WORK TO COMPLETE:
The material below holds pictures, which are to be left out; copy exactly the lines from the one with "Plataforma com mastro" through the one with "Продам будинок в центрі міста".

DATA FOR THE TASK:

+++++

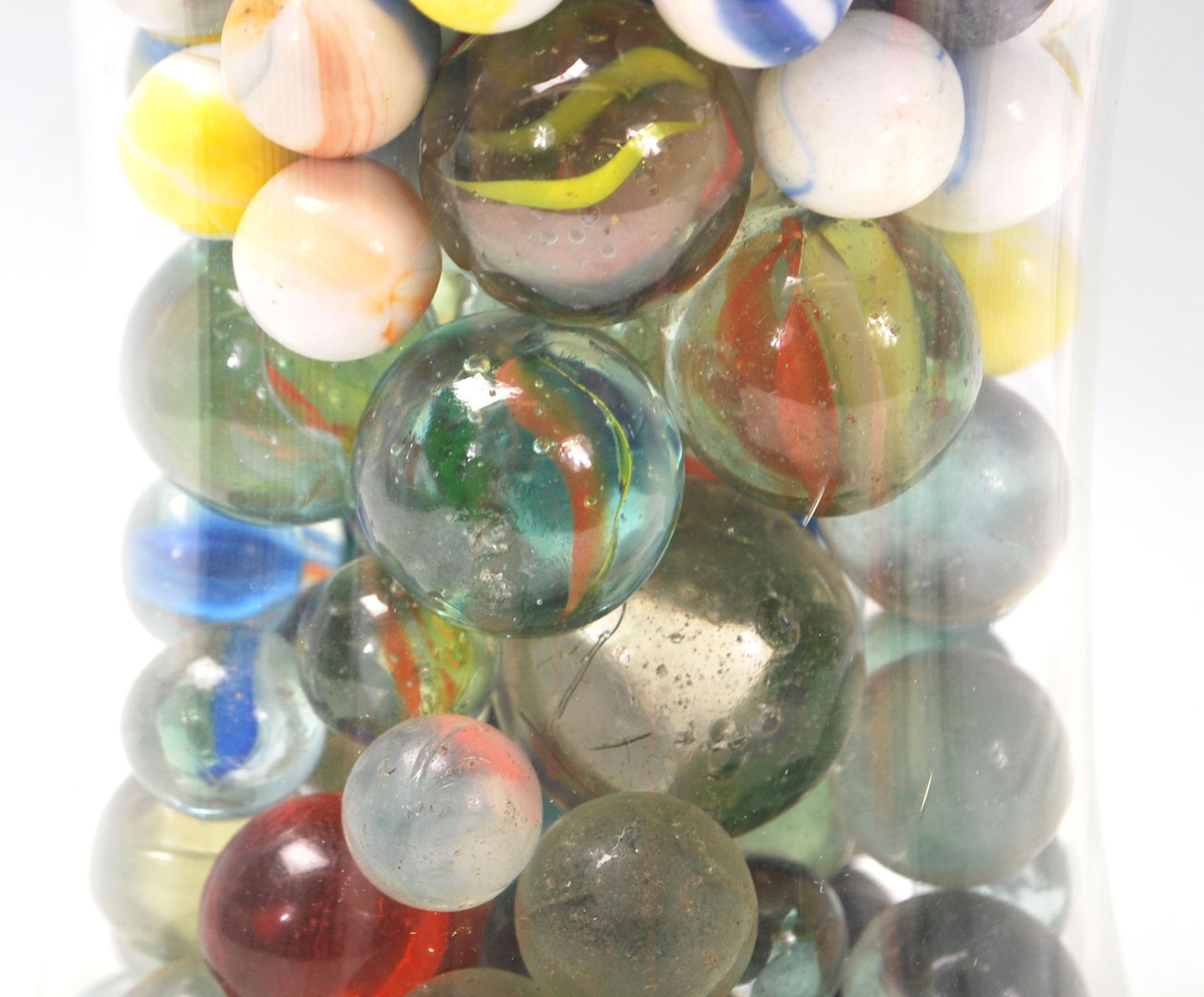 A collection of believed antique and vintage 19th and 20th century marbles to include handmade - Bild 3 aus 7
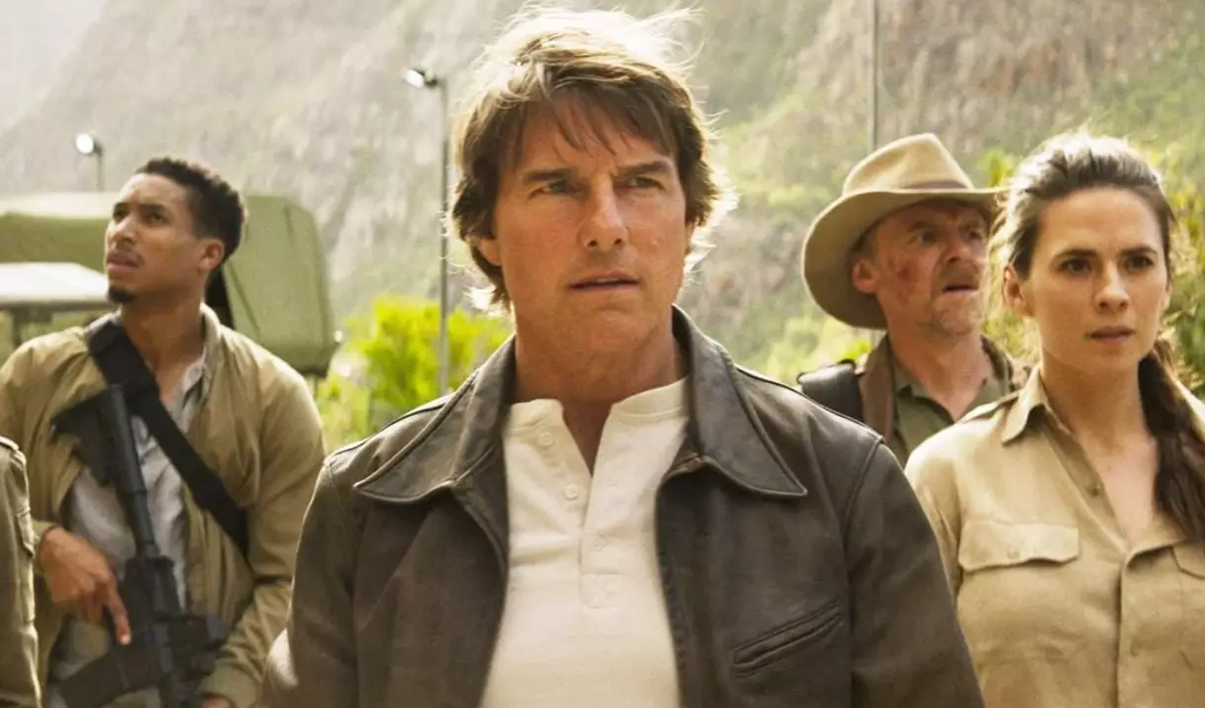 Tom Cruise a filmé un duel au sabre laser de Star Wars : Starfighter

+++++

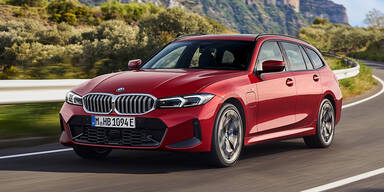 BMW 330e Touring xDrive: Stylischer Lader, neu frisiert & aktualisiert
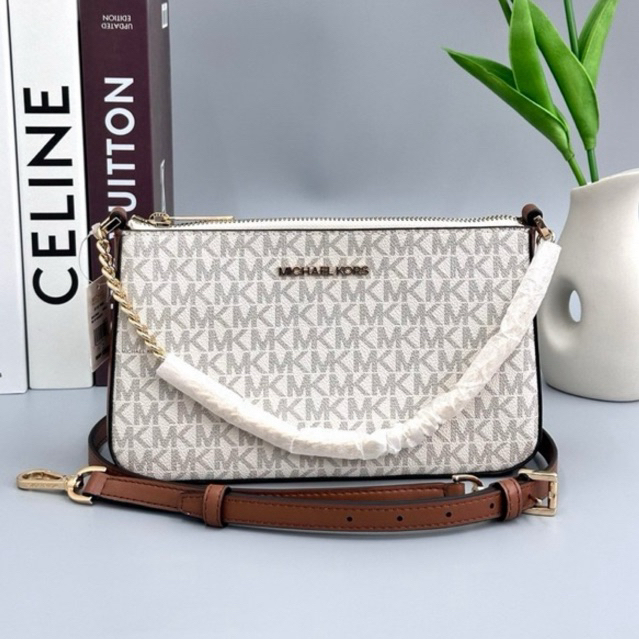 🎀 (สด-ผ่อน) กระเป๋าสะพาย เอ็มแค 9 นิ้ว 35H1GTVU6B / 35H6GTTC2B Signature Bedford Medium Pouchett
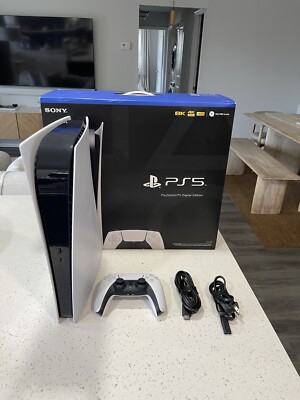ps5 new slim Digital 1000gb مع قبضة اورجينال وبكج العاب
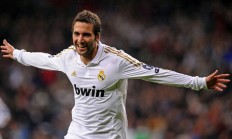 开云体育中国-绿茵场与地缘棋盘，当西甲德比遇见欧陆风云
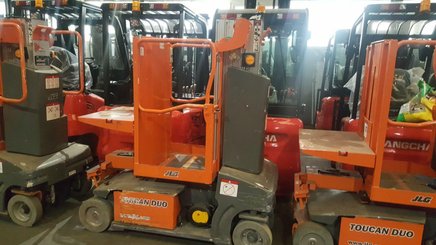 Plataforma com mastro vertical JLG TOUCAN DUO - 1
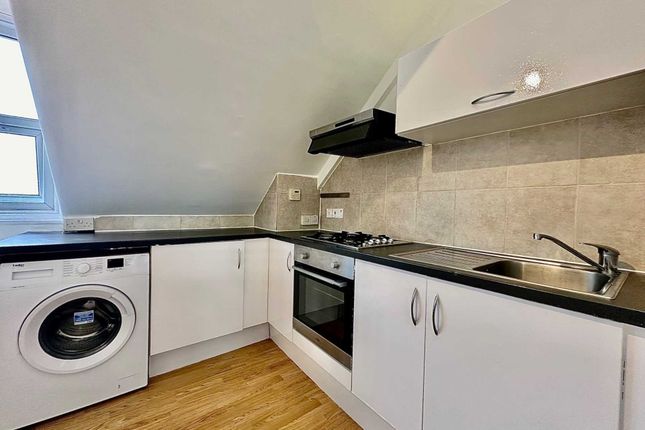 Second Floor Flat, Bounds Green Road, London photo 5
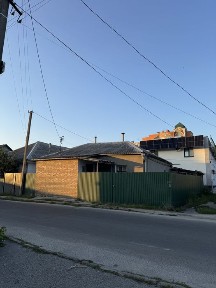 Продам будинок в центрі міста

+++++

SOLUTION BELOW:
 Plataforma com mastro vertical JLG TOUCAN DUO - 1
 Second Floor Flat, Bounds Green Road, London photo 5
 Продам будинок в центрі міста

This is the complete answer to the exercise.